What to work on:
Copy the data that follows, character for character, minus the pictures.

Collected data:
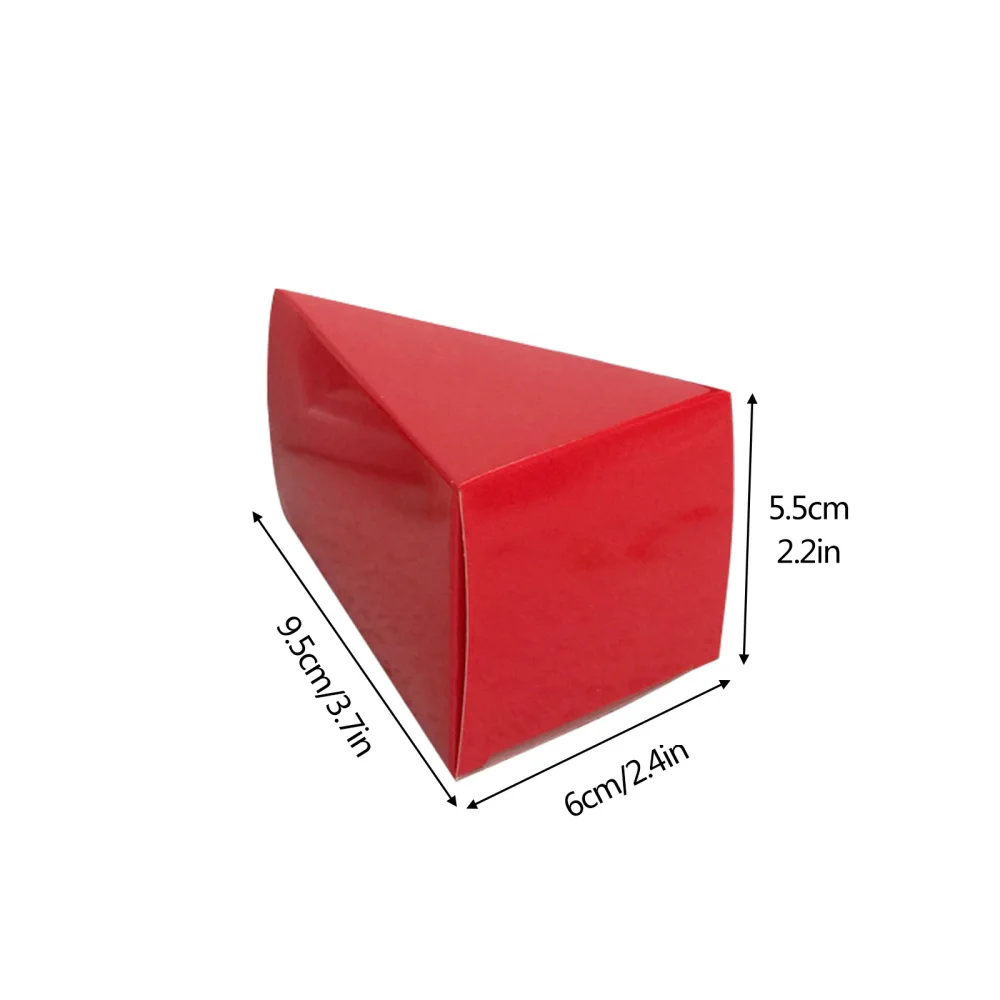 Triangle Candy Box 10PCS Suitable For Birthday Parties European Style Red Cardboard Home DIY Ornament Gift Box Craft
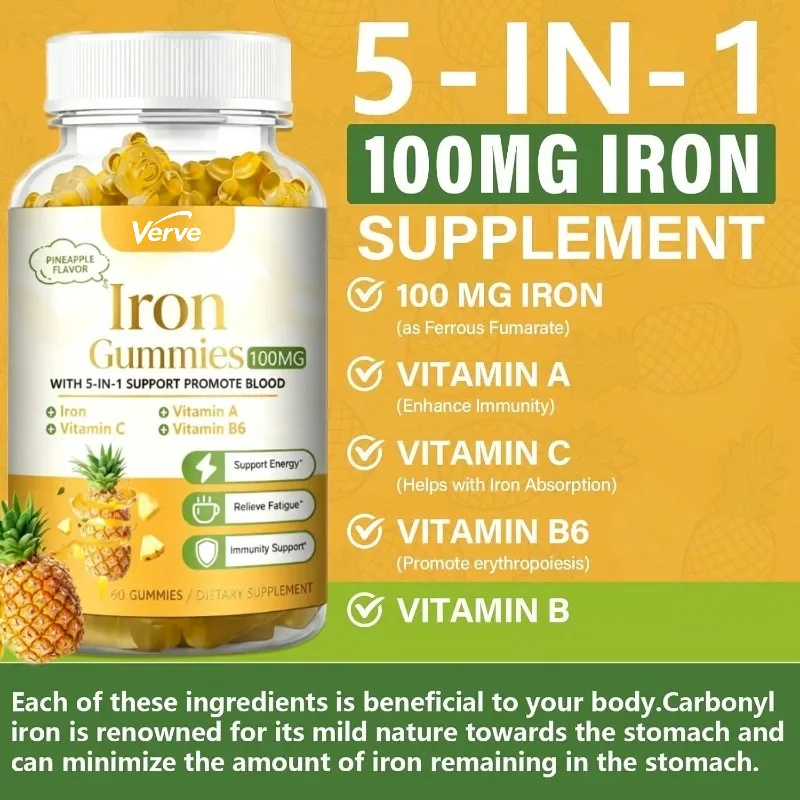 100MG Men's and Women's Iron Soft Candy | Contains Vitamin C, A, B for Immune and Energy Support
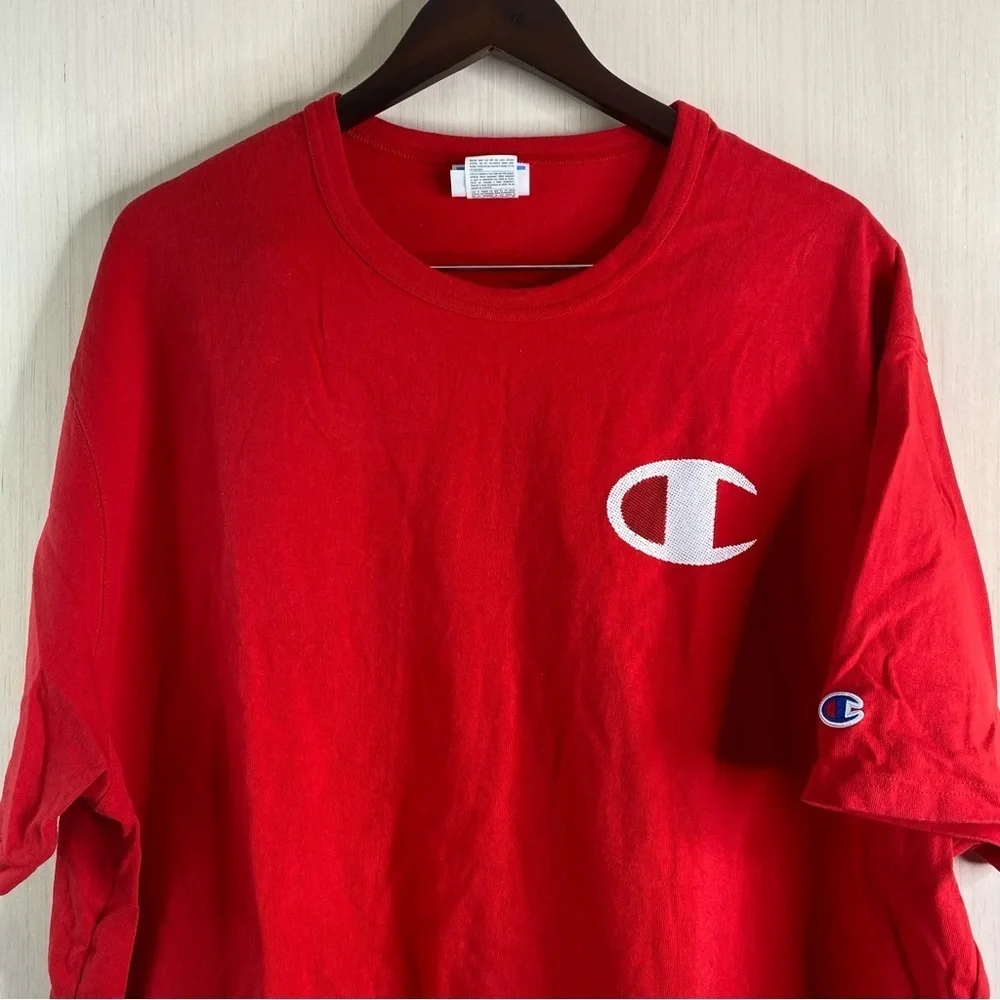 Champion Men’s Short Sleeve Heritage Crewneck Tee Red Size XXL - Picture 4 of 8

Exercise response:
 Triangle Candy Box 10PCS Suitable For Birthday Parties European Style Red Cardboard Home DIY Ornament Gift Box Craft
 100MG Men's and Women's Iron Soft Candy | Contains Vitamin C, A, B for Immune and Energy Support
 Champion Men’s Short Sleeve Heritage Crewneck Tee Red Size XXL - Picture 4 of 8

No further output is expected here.